Pintomyia falcaorum Temporal range: Burdigalian PreꞒ Ꞓ O S D C P T J K Pg N ↓

Scientific classification
- Kingdom: Animalia
- Phylum: Arthropoda
- Class: Insecta
- Order: Diptera
- Family: Psychodidae
- Genus: Pintomyia
- Subgenus: Pifanomyia
- Species: †P. falcaorum
- Binomial name: †Pintomyia falcaorum Brazil & Andrade Filho, 2002

= Pintomyia falcaorum =

- Genus: Pintomyia
- Species: falcaorum
- Authority: Brazil & Andrade Filho, 2002

Extinct species of fly

Pintomyia falcaorum is an extinct species of sandfly in the moth fly subfamily Phlebotominae. P. falcaorum is solely known from early Miocene Burdigalian stage Dominican amber deposits on the island of Hispaniola.
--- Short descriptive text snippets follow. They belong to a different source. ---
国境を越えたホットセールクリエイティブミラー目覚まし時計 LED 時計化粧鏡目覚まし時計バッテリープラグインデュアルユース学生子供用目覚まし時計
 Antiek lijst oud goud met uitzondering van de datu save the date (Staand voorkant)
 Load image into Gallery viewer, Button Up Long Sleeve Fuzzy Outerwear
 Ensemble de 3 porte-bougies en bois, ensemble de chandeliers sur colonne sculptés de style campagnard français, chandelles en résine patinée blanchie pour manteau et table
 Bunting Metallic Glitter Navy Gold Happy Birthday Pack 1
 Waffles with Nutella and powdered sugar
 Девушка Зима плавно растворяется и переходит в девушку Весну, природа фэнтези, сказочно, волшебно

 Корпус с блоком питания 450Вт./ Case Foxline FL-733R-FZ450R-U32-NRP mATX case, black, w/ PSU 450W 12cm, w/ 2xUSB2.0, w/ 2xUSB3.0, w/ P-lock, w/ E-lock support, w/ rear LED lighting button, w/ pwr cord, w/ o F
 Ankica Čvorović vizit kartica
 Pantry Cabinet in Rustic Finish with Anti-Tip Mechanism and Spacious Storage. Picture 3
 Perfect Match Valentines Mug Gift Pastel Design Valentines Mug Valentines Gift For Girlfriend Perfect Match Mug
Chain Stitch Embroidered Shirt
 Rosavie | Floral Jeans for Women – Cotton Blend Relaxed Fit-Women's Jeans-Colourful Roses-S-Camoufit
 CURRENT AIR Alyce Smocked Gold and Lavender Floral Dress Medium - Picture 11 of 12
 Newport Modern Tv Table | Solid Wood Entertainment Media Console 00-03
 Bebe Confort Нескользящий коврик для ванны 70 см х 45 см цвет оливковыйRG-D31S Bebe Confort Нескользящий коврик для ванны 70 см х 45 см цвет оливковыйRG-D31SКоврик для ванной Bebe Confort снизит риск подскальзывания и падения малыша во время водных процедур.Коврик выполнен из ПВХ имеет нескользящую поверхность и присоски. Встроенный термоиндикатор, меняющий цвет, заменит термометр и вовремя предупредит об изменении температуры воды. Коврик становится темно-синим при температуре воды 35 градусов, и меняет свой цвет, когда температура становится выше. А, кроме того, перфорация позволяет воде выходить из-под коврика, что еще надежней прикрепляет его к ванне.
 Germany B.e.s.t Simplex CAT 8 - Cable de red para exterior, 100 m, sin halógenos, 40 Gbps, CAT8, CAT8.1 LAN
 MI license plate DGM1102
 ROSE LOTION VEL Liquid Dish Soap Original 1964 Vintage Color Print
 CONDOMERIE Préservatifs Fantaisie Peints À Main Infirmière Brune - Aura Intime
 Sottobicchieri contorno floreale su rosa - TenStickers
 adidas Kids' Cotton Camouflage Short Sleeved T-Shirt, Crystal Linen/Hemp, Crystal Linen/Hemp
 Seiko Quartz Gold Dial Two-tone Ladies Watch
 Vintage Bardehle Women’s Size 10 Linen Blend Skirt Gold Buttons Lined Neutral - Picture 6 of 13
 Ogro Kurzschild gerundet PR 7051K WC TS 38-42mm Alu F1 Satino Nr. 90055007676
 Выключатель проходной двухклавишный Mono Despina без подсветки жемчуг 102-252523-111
==History and classification==
The species is known solely from the holotype specimen, a complete male fly. The specimen is currently residing in the phlebotomine sandfly collection in the Centro de Pesquisas René Rachou. The centro is part of the Oswaldo Cruz Foundation in Minas Gerais Brazil. The specimen was collected from an unidentified amber mine in the Cordillera Septentrional north of Santiago de los Caballeros. The specimen was first studied by sandfly researchers Reginaldo Peçanha Brazil and José Dilermando Andrade Filho. Brazil and Andrade Filho published their 2002 type description in the journal Memórias do Instituto Oswaldo Cruz. The specific epithet "falcaorum" was coined by the author in honor of Alda and Alberto Falcão, to recognize their contributions to Phlebotominae understanding.

==Description==
A number of features in the specimen indicate its placement in the moth fly subfamily Phlebotominae and the tribe Lutzomyiina. The specimen displays pre-apical bristles, and four spines on the style, these features combined with the AIII flagellomere being over half the length of the head. This combination of features indicates a placement in the genus Pintomyia. Within the genus, it is placed in the subgenus Pifanomyia, based on the posterior femurs lack of spines, but the species does not resemble the known modern species-group series. The light coloration of the abdomen on P. falcaorum is unlike the P. monticola series, while the P. pacae series have papillae on the AXIII segment. Papillae on the AV segment of the P. verrucarum, P. serrana and P. townsendi mark them as different from P. falcaorum.

Like Pintomyia falcaorum the Dominican amber fly species Pintomyia paleotownsendi has a Sc vein that is free while the Sc meets the costa vein in P. paleotrichia. In contrast P. brazilorum, P. killickorum, Lutzomyia filipalpis, L. miocena, L. paleopestis, L. schleei, and L. succini all possess an Sc which meets the R_{1} vein. The presence of a forked Sc vein in the wings, found in some Lutzomyia species including L. adiketis, is unique among the described species of sandflies from Dominican amber. Living members of the Phlebotominae suck blood from vertebrates, and P. falcaorum is presumed to have done so as well. However, the host(s) of this species has not been identified at this time.